It was all I could have asked for, short of macassar oil. I got my Tijuana haircut and I will wear it proudly for the rest of my travels.
FINALLY, PAPER
And as I left the shop, dropping a huge tip into the barber’s hand, I asked again for a paper shop. The barber took me outside the shop, pointed down the street and told me to go one block, cross the street, go a half-block up and on the right would be a papelaria. He repeated it.
And sure enough, when I walked there, a huge warehouse of a store was filled with everything you could possibly make from paper, from school notebooks to wallpaper. And down the end of the store were huge racks of crepe paper. 
My wife had sent me to Mexico to buy the paper because, she says, American crepe paper is no good anymore. If you want to make Third World crafts, you have to start with Third World supplies.

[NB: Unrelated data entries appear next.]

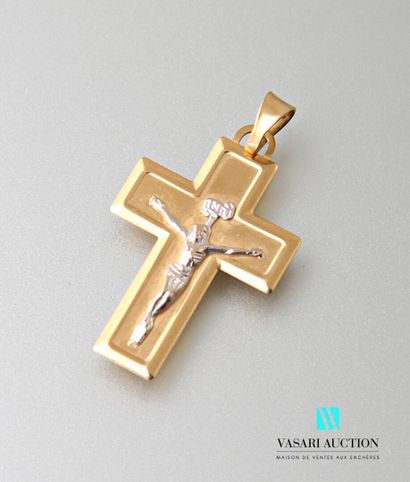 null Pendant cross in yellow and white gold 750 thousandths 
Weight : 1,6 g - Dimensions...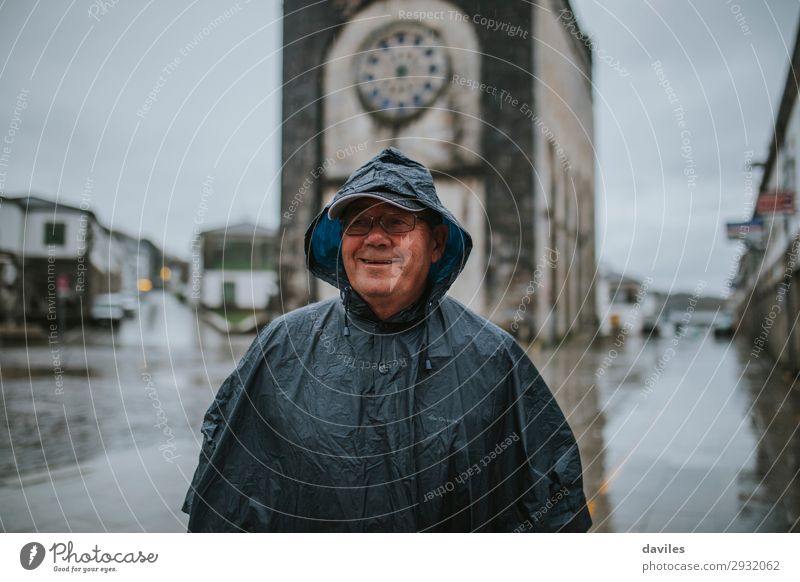 Lächelnder älterer Mann mit Regenmantel Lifestyle Gesicht Leben Freizeit & Hobby Tourismus Abenteuer wandern Mensch maskulin Erwachsene Vater 1 60 und älter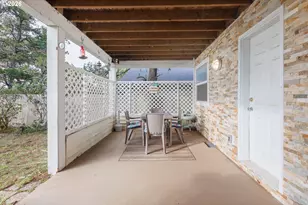 2340 S Crestline Dr, Waldport, OR 97394 - Photo 34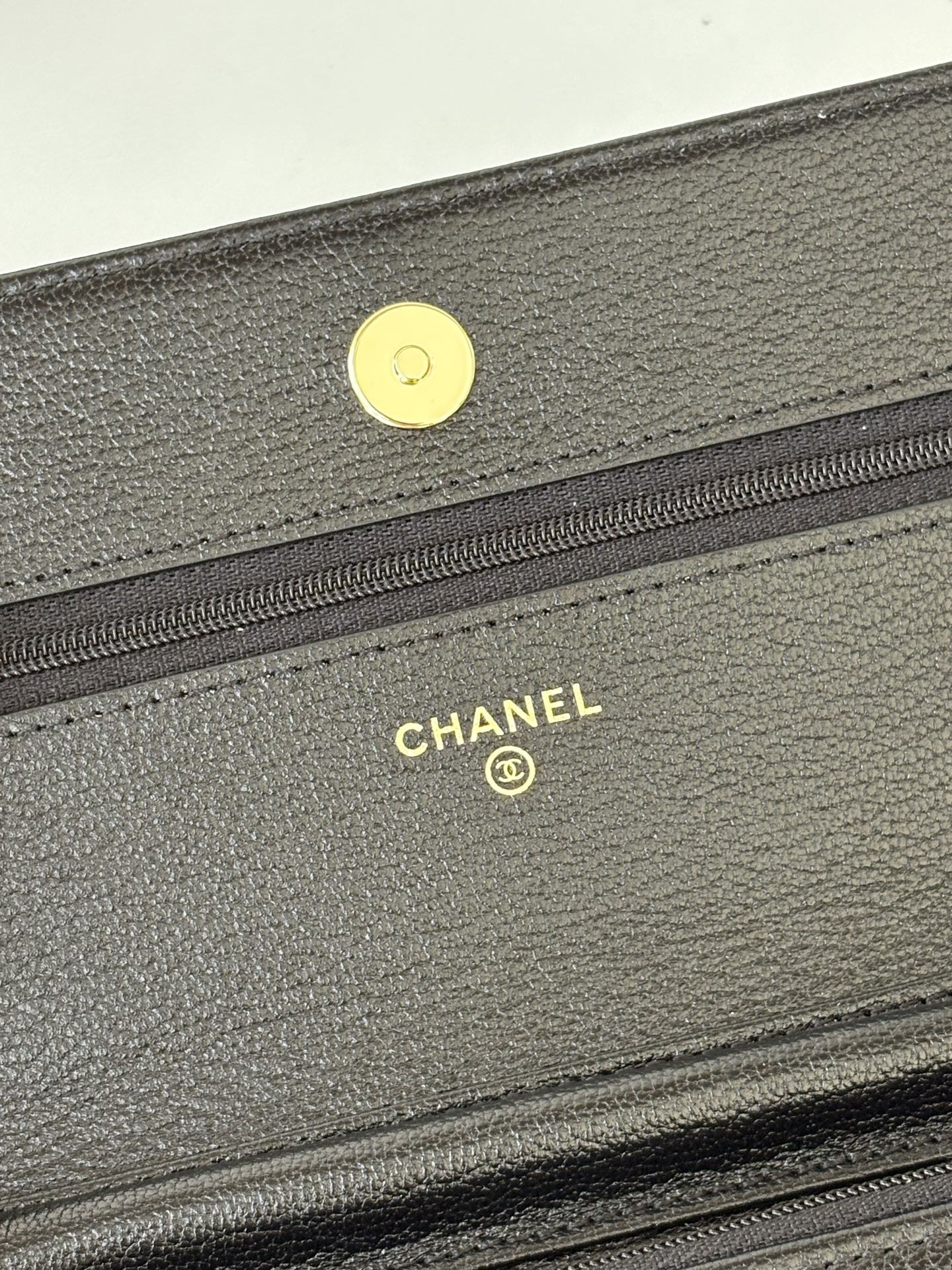 Ch**el Wallet On Chain AP5301 19x12.5x3cm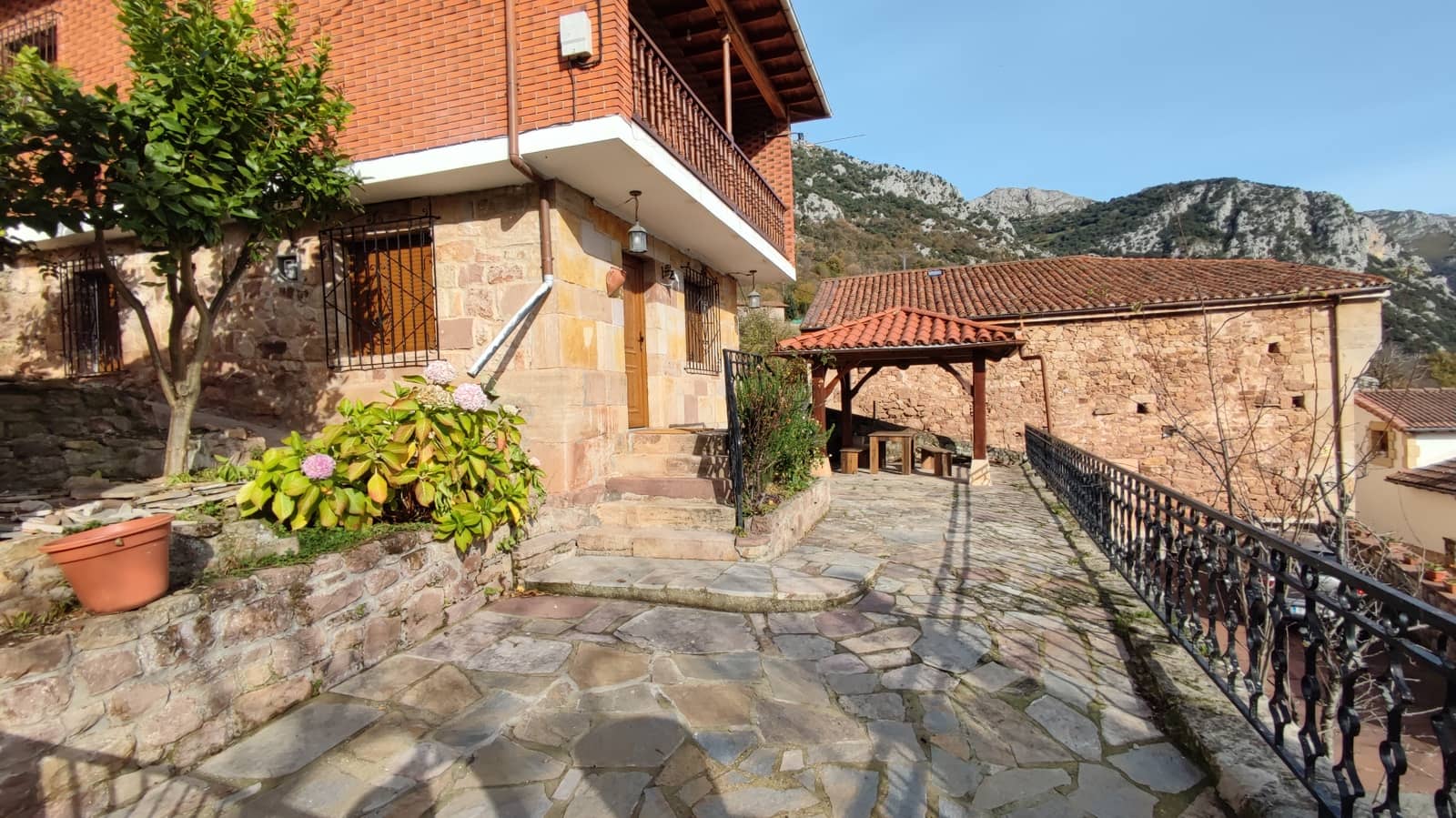 3 bedroom Townhouse for sale in Penarrubia with garage - € 349,000 (Ref: 9432502)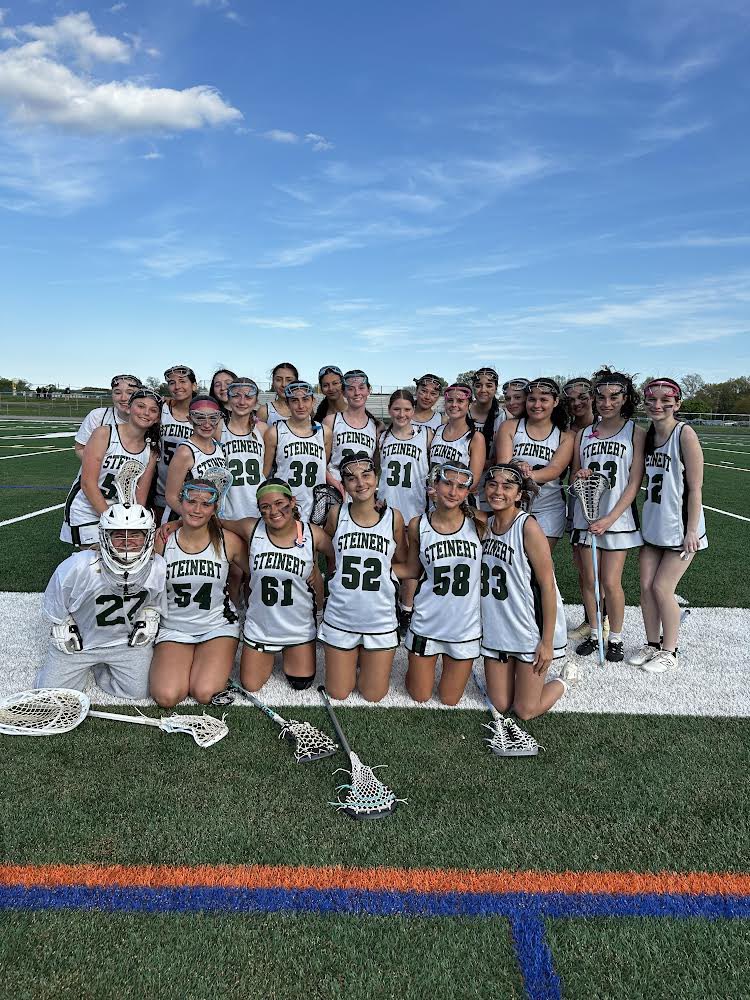 Freshman girls lacrosse beat WWN on their home turf today 4-3! Goals were scored by Katie Corby, Mia Petracca and Gia Graziano. Angela Southard had three great saves to bring home the win!🥍 #GoSpartans #4-1 @HTSD_Steinert @WeAreHTSD @spartnprincipal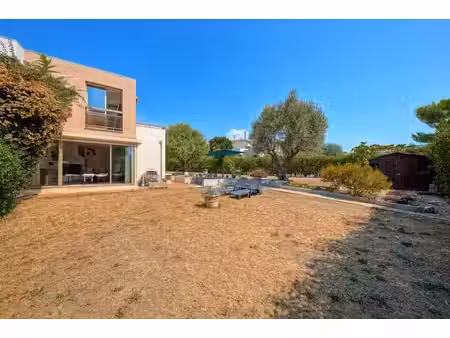 un duplex aux allures de maison avec un jardin de 400m2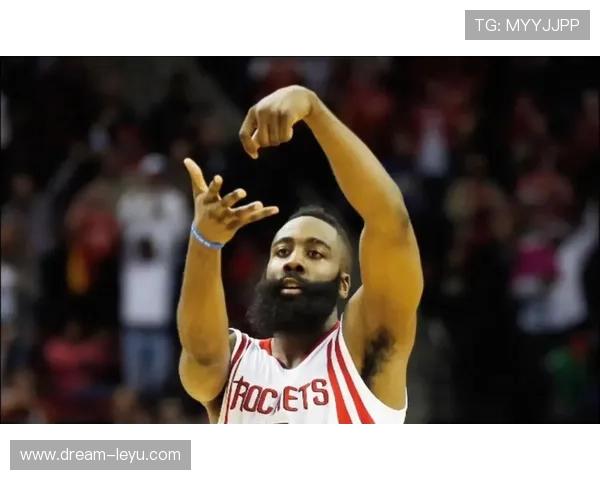 哈登挡拆吸引防守提升组织效率，助队关键时刻拉开比分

I piled up about $20 worth in an assortment of floral colors and wrapped them up in a plastic garbage bag I had brought along for the purpose.
I felt like Martha Stewart or something: I had planned ahead, knowing it would likely be raining in Tijuana and I would likely be buying paper products, so I brought the bag to protect the paper from the rain.
And when I got back on the bus to return to the United States, the sun broke through and briefly scratched a piece of rainbow against the dark clouds to the north.
As I left town, I passed more shops, more barkers yelping. I passed old women sitting on the sidewalk with trinkets for sale. I passed bars, restaurants and more leather.
And when we got as far as the lines of cars backed up at the border when the bus driver told me it might be faster if I got out and walked the rest of the way. I did.